#### Data items
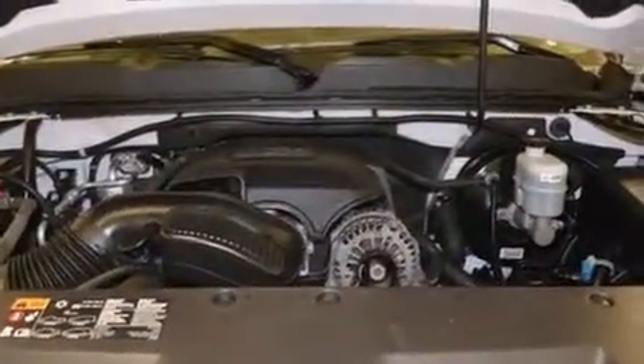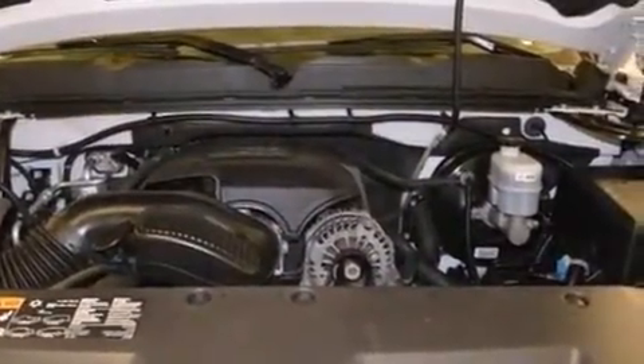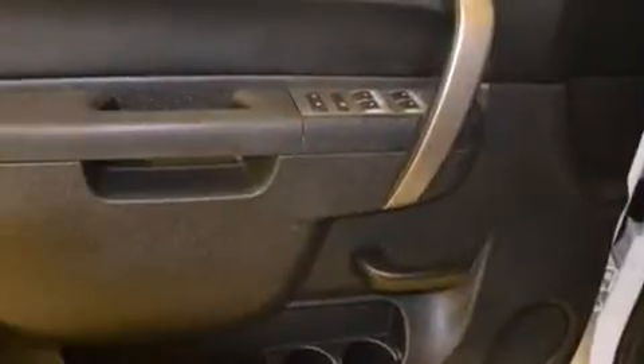Premium sound drives six speakers, providing you and your passengers a sensational audio experience.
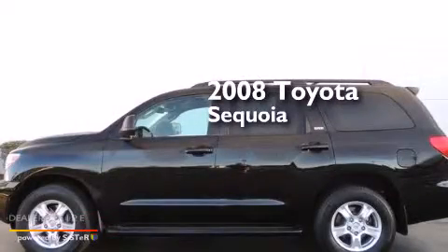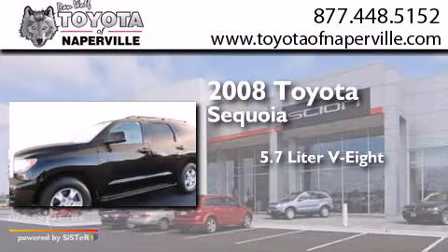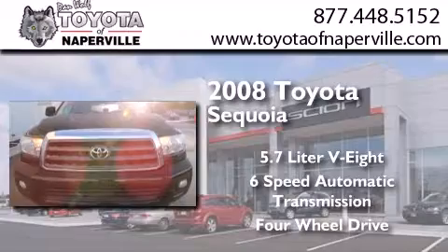This is a 2008 Toyota Sequoia. It has a 5.7 liter 8-cylinder engine, a 6-speed automatic transmission, and the added safety and control of 4-wheel drive.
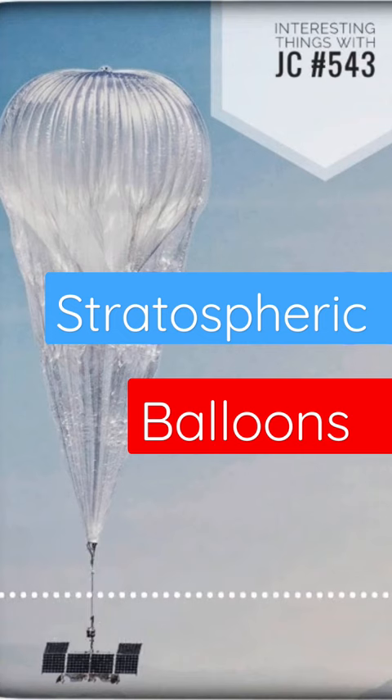Some balloons are even steerable, and they can be flown in groups, otherwise known as constellations.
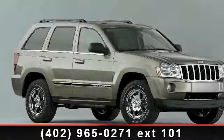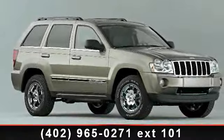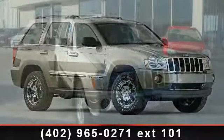Presenting the 2006 Jeep Grand Cherokee Limited. This may be the set of wheels you've been looking for.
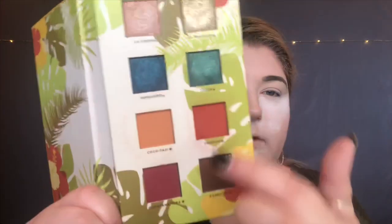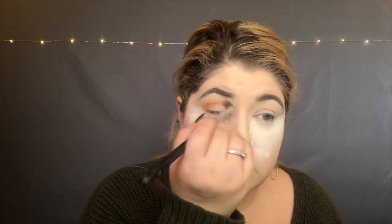On my eyes, I'm going to be using the Alamar Reina del Caribe — I believe that's how you say it — Volume One palette. We're going to be focusing on these warm-toned colors down on the bottom half of the palette. I'm going to start with the shade called Coco Taxi. It is the kind of orangey shade, the lighter of the orangey shades in the palette. I'm going to work that into the crease.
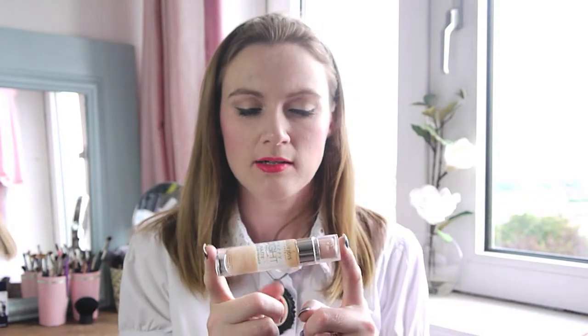I have the Bourjois Happy Light Foundation and Primer. Yes, I used this a few times — I used it in conjunction with one of the other foundations I wore pretty much every day during the daytime. It's grand; I'm gradually working my way through it.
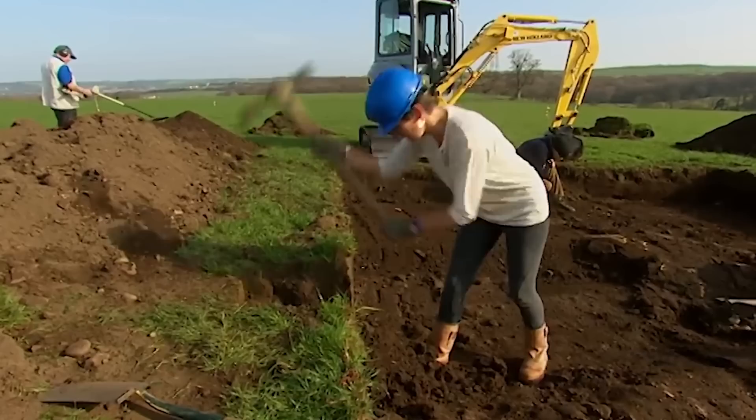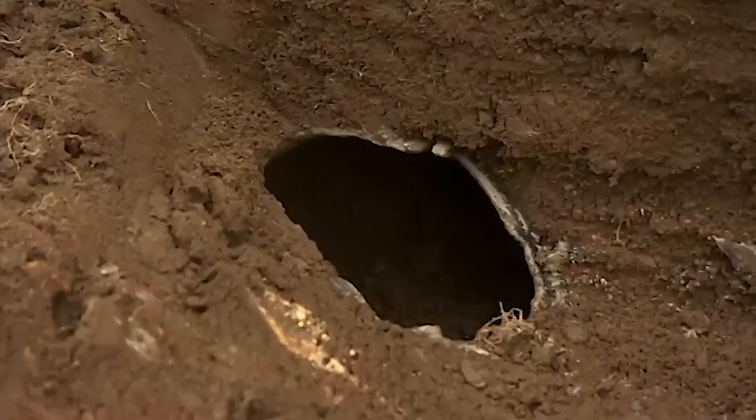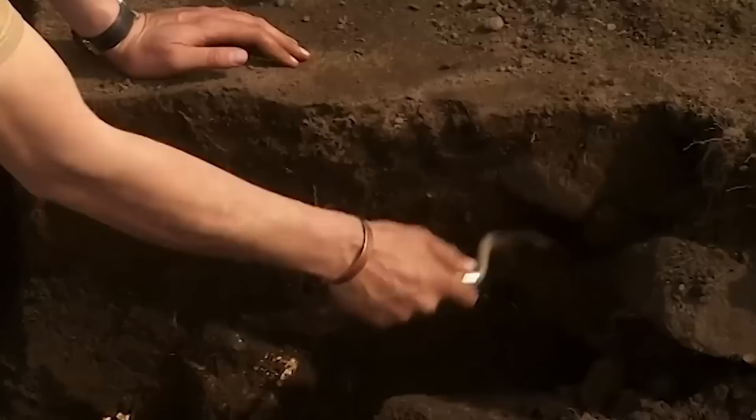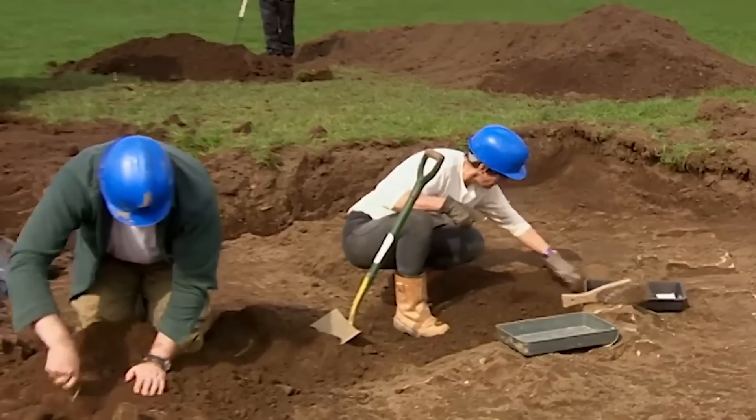With not one but two discoveries of potentially national significance, our hunt for the vicus takes a back seat, with only Matt left scraping away in search of the substantial stone buildings recorded in the 19th century. 'Matt, we've got a mausoleum down there, cremation burials, and a brand new Roman fort that no one's ever seen before — what have you got in your trench?' 'Apart from all this stone rubble, we've got hope. And we've got a day and a half as well, so we'll see how it goes.'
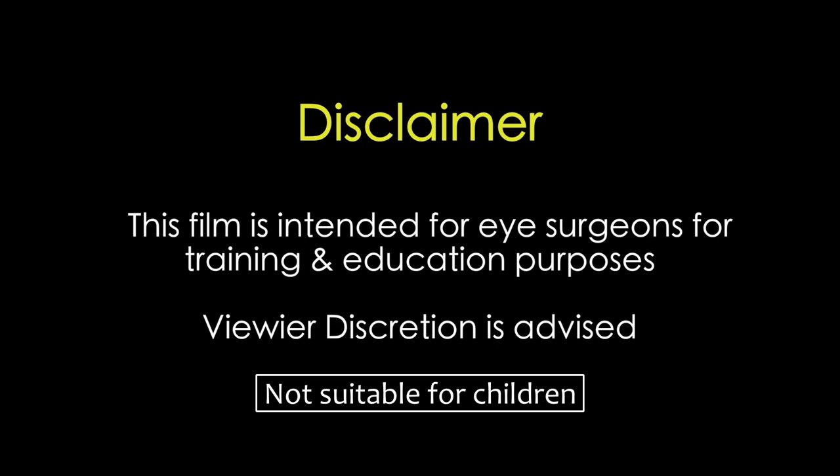This film is intended for eye surgeons for training and education purposes. Viewer discretion is strongly recommended.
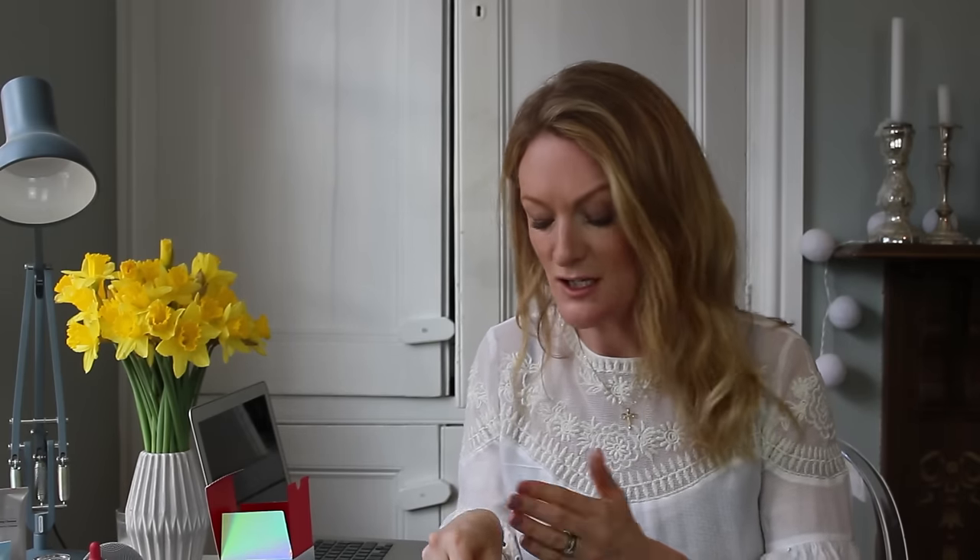I think this is a great time of year to start using this range because, as I said, as we're coming out of winter into spring, our skin definitely needs a bit of a spring clean. This range is going to be on counter from April. I hope that helped — keep watching, and if you haven't already, please subscribe to Get The Gloss TV. See you soon!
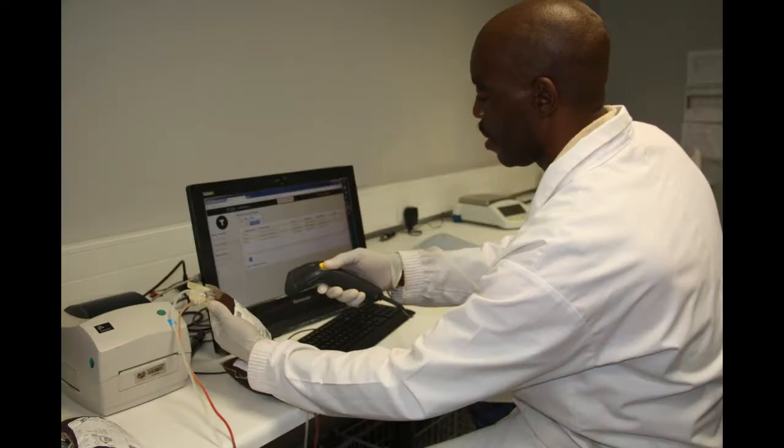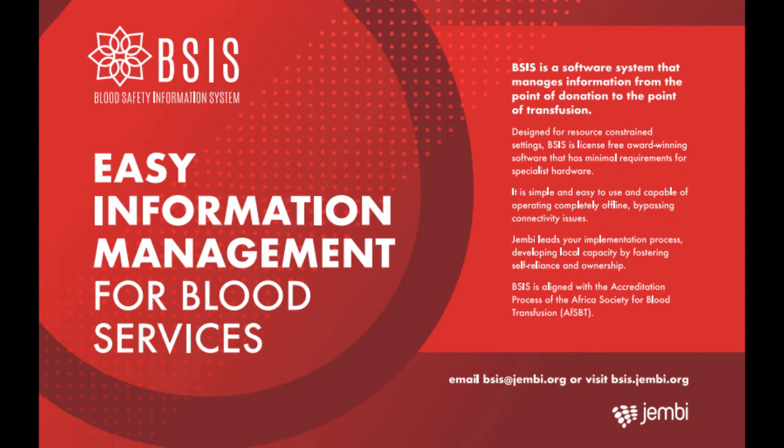It is in operational use in Lesotho, Ghana, and Ethiopia, with more implementations planned, and is available in English and in French.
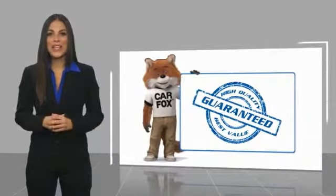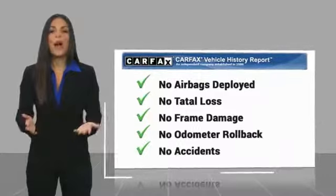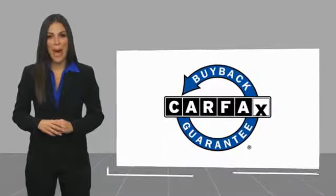Here's another high-quality vehicle with a Carfax Vehicle History Report. Be sure to find a complimentary copy of this report online or contact the dealership. This vehicle qualifies for the Carfax Buyback Guarantee.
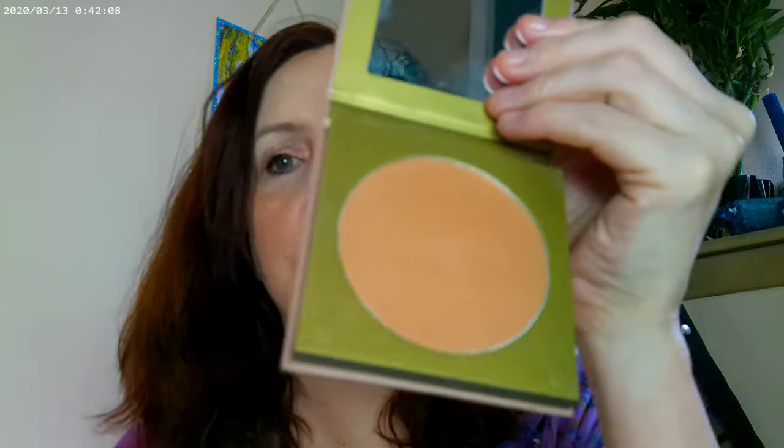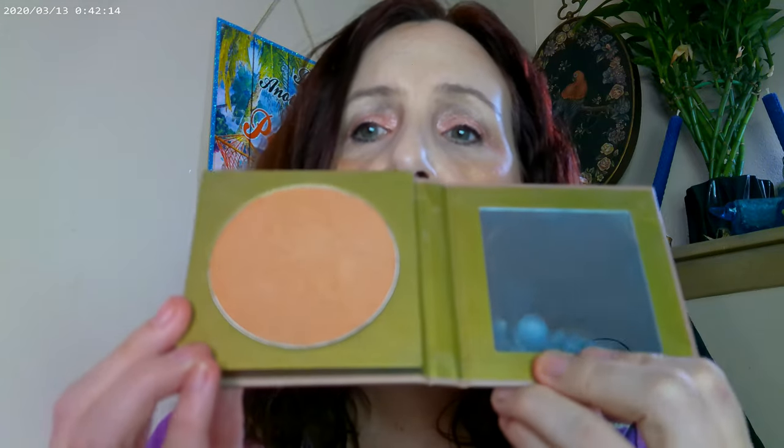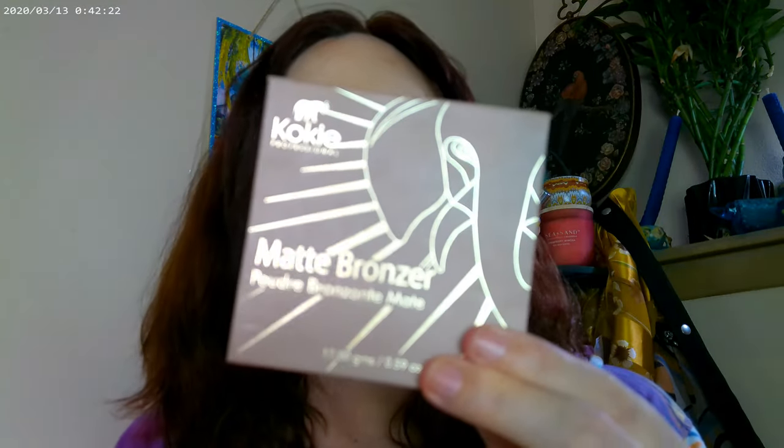I started with the Kokie bronzer — this one is in Sunlit Peach — so that's what I have on for bronzer today. You can go ahead and get that at Kroger grocery stores or on the Kokie website — Kokie is spelled K-O-K-I-E.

#### ABOUT THIS EXERCISE
What are the lines from the one containing "It is in operational" through the end of the records? Write them out exactly, leaving out the pictures.

#### ANSWER BELOW
It is in operational use in Lesotho, Ghana, and Ethiopia, with more implementations planned, and is available in English and in French.
Here's another high-quality vehicle with a Carfax Vehicle History Report. Be sure to find a complimentary copy of this report online or contact the dealership. This vehicle qualifies for the Carfax Buyback Guarantee.
I started with the Kokie bronzer — this one is in Sunlit Peach — so that's what I have on for bronzer today. You can go ahead and get that at Kroger grocery stores or on the Kokie website — Kokie is spelled K-O-K-I-E.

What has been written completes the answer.